As one zooms out objects become smaller and smaller until they reach a point where the whole object can be drawn within a single pixel. If you have control over your map visualisation application you might want to consider setting the SDO_FILTER / SDO_RELATE parameters’ “min_resolution” flag dynamically so that its value is the same as the number of meters / pixel (eg min_resolution=10). If this is set Oracle Spatial will only include spatial objects in the returned search set if one side of a geometry’s MBR is greater than or equal to this value. Thus any geometries smaller than a pixel will not be returned. Very useful for large scale data being drawn at small scales and for which *no selection* (eg identify) is required. With Oracle MapViewer this behaviour can be set via the generalized_pixels parameter.

9. Network fetch

If your rendering engine (app server) and database are on separate machines you need to investigate what sort of fetch sizes are being used when returning data from queries to the middle-tier.

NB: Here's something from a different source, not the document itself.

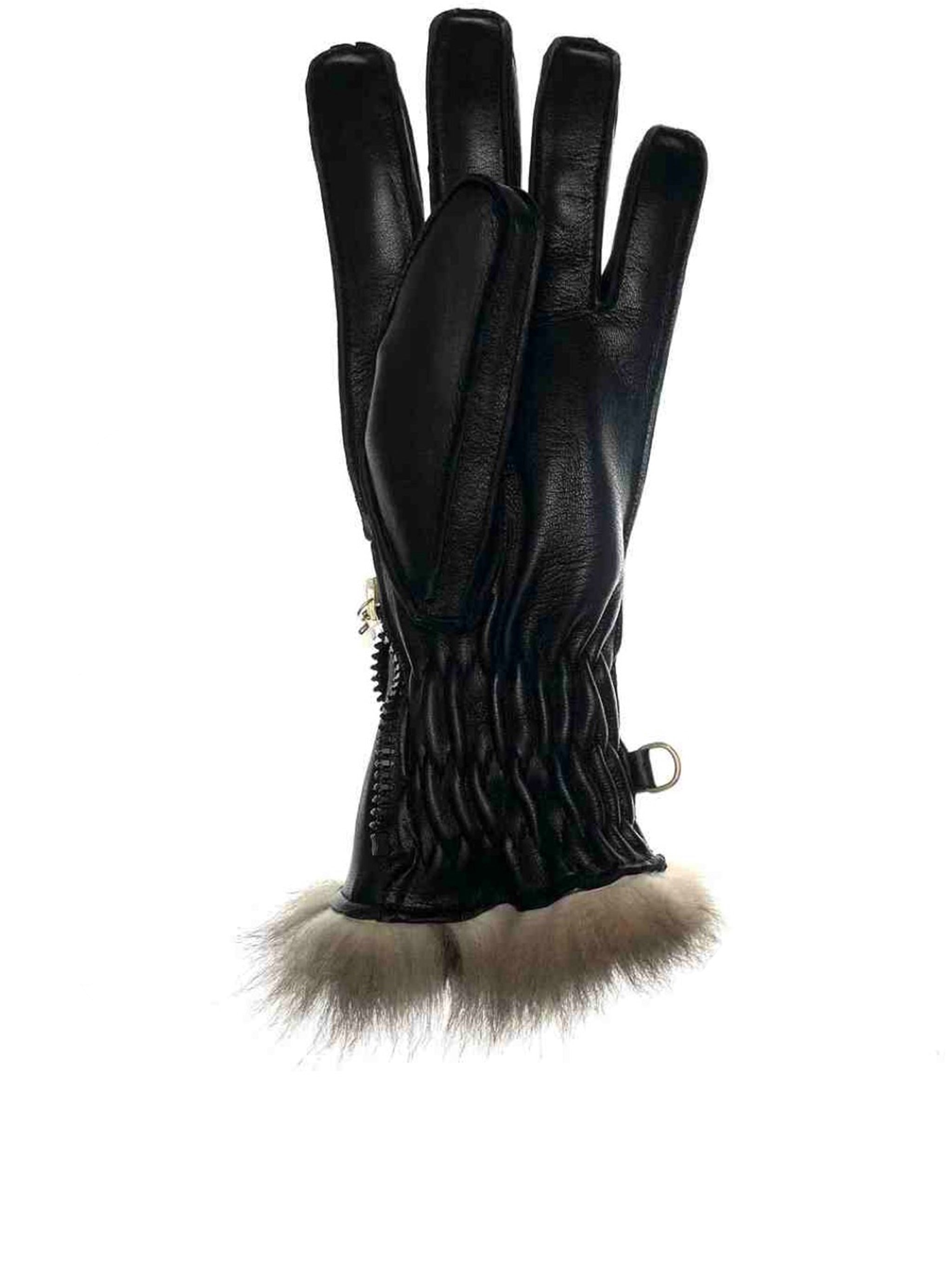 Black Nappa Opossuy Ruched Gloves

Fetch sizes for attribute only data rows and rows containing spatial data can be, and normally are, radically different. Accepting the default settings for these sizes could be killing you (as could the sort_area_size of the Oracle session the application server has created on the database). For example I have been informed that MapInfo Pro uses a fixed value of 25 records per fetch when communicating with Oracle. I have done some testing to show that this value can be too small for certain types of spatial data. SQL Developer’s GeoRaptor uses 100 which is generally better (but this one can modify this). Most programmers accept defaults for network properties when programming in ADO/ODBC/OLEDB/JDBC: just be careful as to what is being set here. (This is one of the great strengths of ArcSDE: its TCP/IP network transport is well written, tuneable and very efficient.)

10. Physical Format

Finally, while Oracle’s excellent MapViewer requires data its spatial data to be in Oracle, other commercial rendering engines do not. So, consider using alternate, physical file formats that are more optimal for your rendering engine. For example, Google Earth Enterprise “compiles” all the source data into an optimal format which the server then serves to Google Earth Enterprise clients. Similarly, a shapefile on local disk to the application server (with spatial indexing) may be faster that storing the data back in Oracle on a database server that is being shared with other business databases (eg Oracle financials). If you don’t like this approach and want to use Oracle only consider using a dedicated Oracle XE on the application server for the data that is read only and used in most of your generated maps eg contour or drainage data.

Just some things to think about.

regards
Simon